PROPORTIONAL REPRESENTATION BY THE FREE VOTE.

DELIVERED BEFORE THE SOCIAL SCIENCE ASSOCIATION, PHILADELPHIA,

TUESDAY EVENING, OCT. 25, 1870.

Gentlemen of the Association :-I desire my remarks to-night to be understood as made in continuation of what was said and written by me on former occasions on the subject of Electoral Reform. In a speech in this city on the 19th of November, 1867, in a speech in the Senate on the 11th of July of the same year, and in a report from the Senate Committee on representative reform, 2d of March, 1869, I discussed the Free Vote in its proposed application to Federal Elections and stated the general arguments in favor of its adoption. I do not propose to go over again the ground covered by those speeches and by that report, but to present additional views, the product of further reflection upon this question of reform, and to mention the steps which have been taken in this State and in other States, looking toward the submitting of the plan of reformed voting to practice.

THE FREE VOTE.

The Free Vote may be applied to elections whenever two or more persons are to be chosen together to the same office for the same term of service, and it consists in allowing the voter to distribute his votes among candidates as he shall think fit, or to concentrate them upon one. It is here assumed that the voter shall have the same number of votes as the number of persons to be chosen, and that the candidates highest in vote shall be declared elected.

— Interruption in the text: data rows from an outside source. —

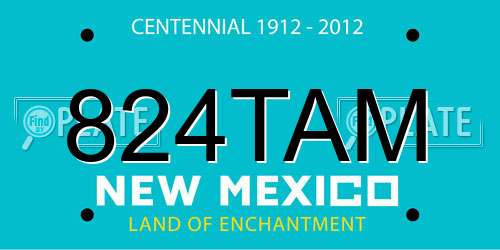 824TAM New Mexico License Plate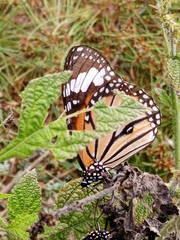 Danaus genutia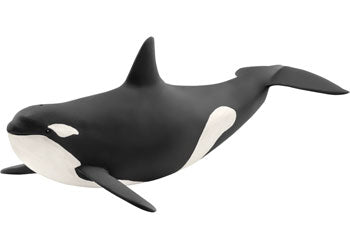 Schleich - Killer Whale - Modern Brands Australia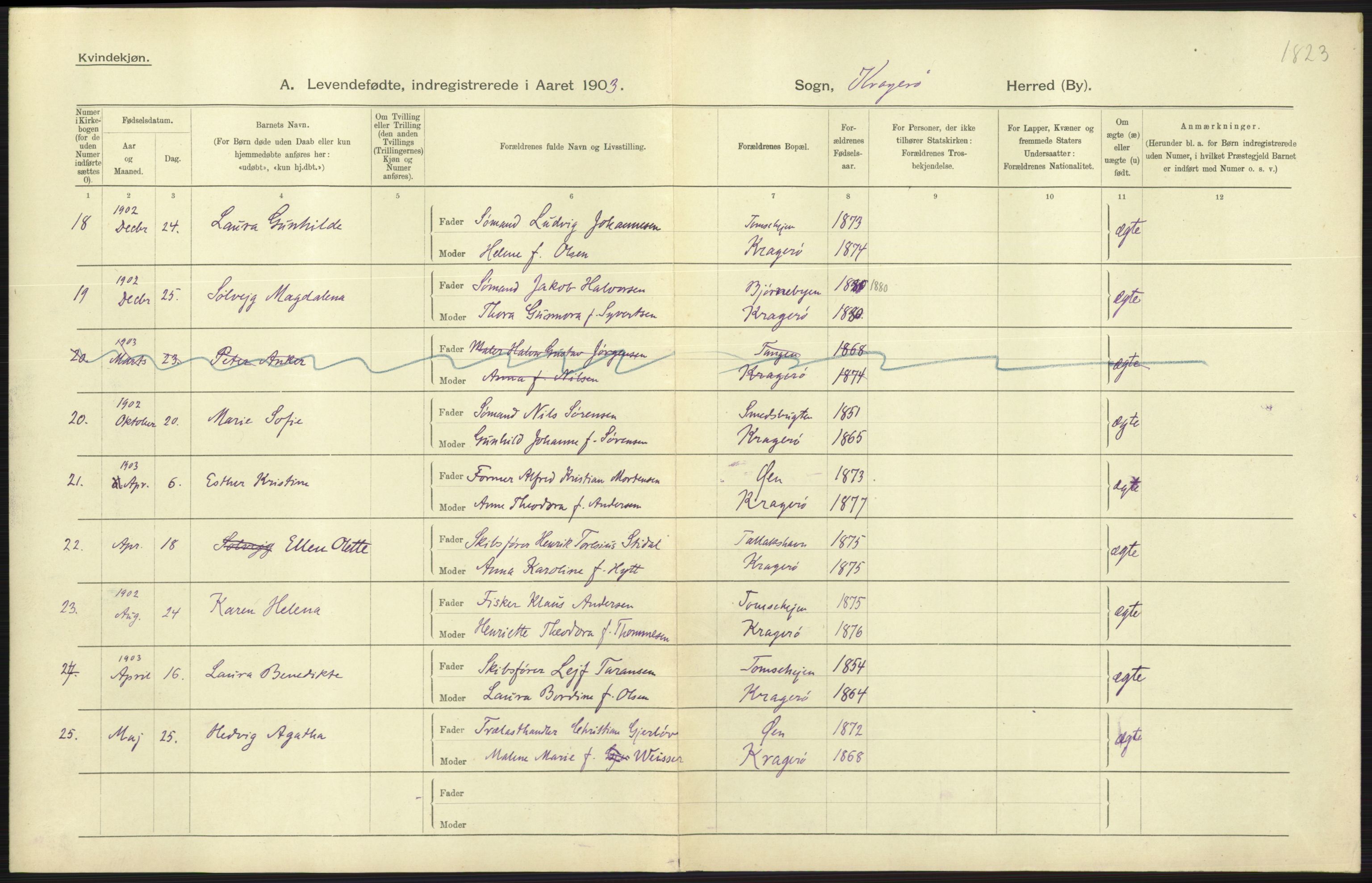 Statistisk sentralbyrå, Sosiodemografiske emner, Befolkning, AV/RA-S-2228/D/Df/Dfa/Dfaa/L0009: Bratsberg amt: Fødte, gifte, døde, 1903, s. 347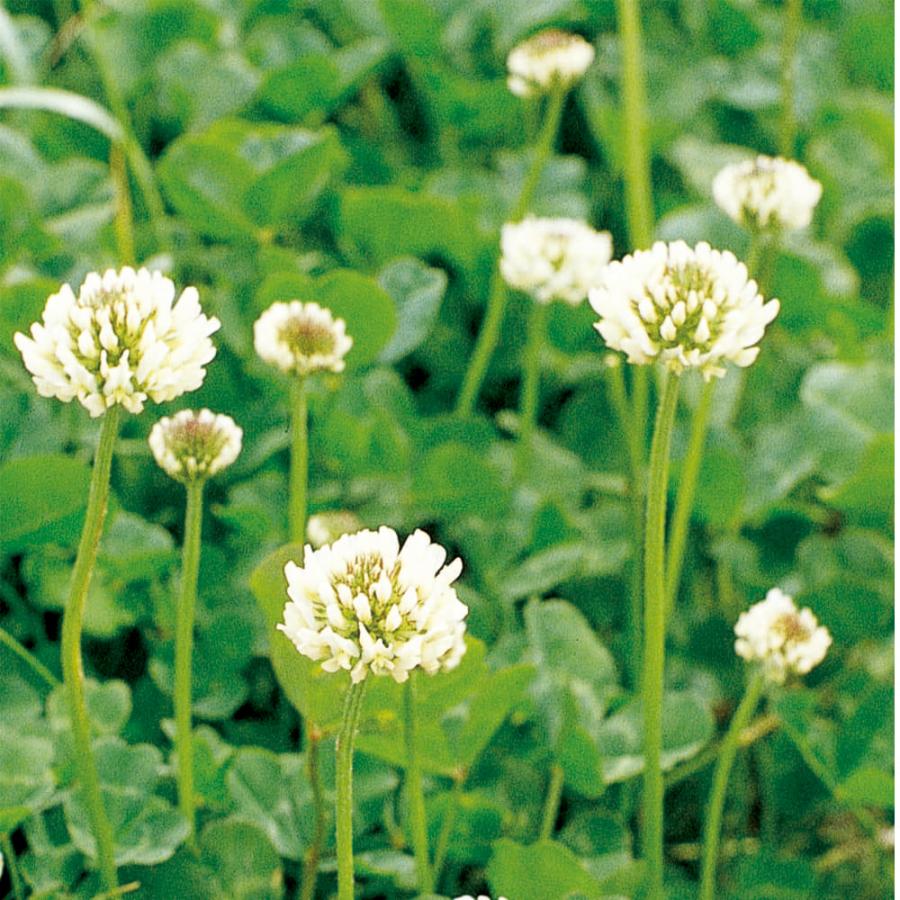 ホワイトクローバー シロツメクサ 福花園種苗 ホワイトクローバーお徳用種子 1L : 9000000126053 : うさマートYahoo!ショッピング店 - 通販 - Yahoo!ショッピング ホワイトクローバー シロツメクサ 福花園種苗 ホワイトクローバーお徳用種子 1L : 9000000126053 : うさマートYahoo!ショッピング店 - 通販 - Yahoo!ショッピング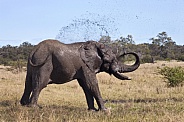 African Elephant having a mud bath - Botswana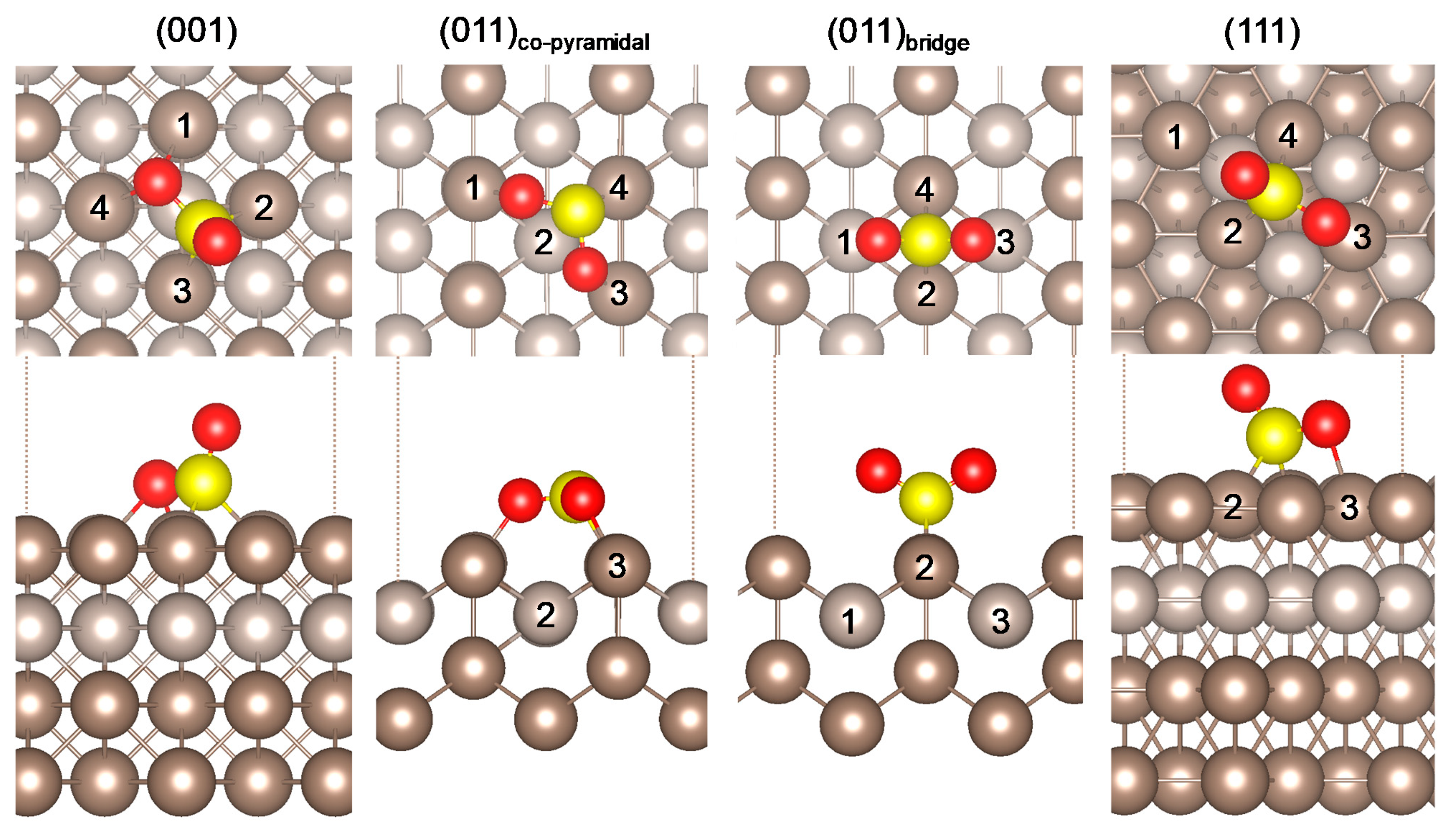 Catalysts 10 00558 g002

ITS EFFECT ON SINGLE ELECTIONS.

It will be observed that the free vote is inapplicable to the election of a single person; it can be applied only where two or more are to be chosen. But it will be a great mistake to assume that it will have no effect upon single elections because it cannot be applied to them in form and directly. Due reflection and a careful examination of the subject will convince any intelligent man-any man well acquainted with the practical workings of our political system—that while its direct operation must be confined to plural elections its indirect effects upon single ones will be very great, and very salutary also, whenever it shall come to be established. For the advocates of the new plan assert with confidence and upon fair grounds of reason, that it will secure absolutely to political parties their just representation in all ordinary cases of Presidential, Congressional, Legislative and other elections to which it shall be applied, and will therefore greatly weaken the tendency toward violent and corrupt party action in the elections to which it shall not apply.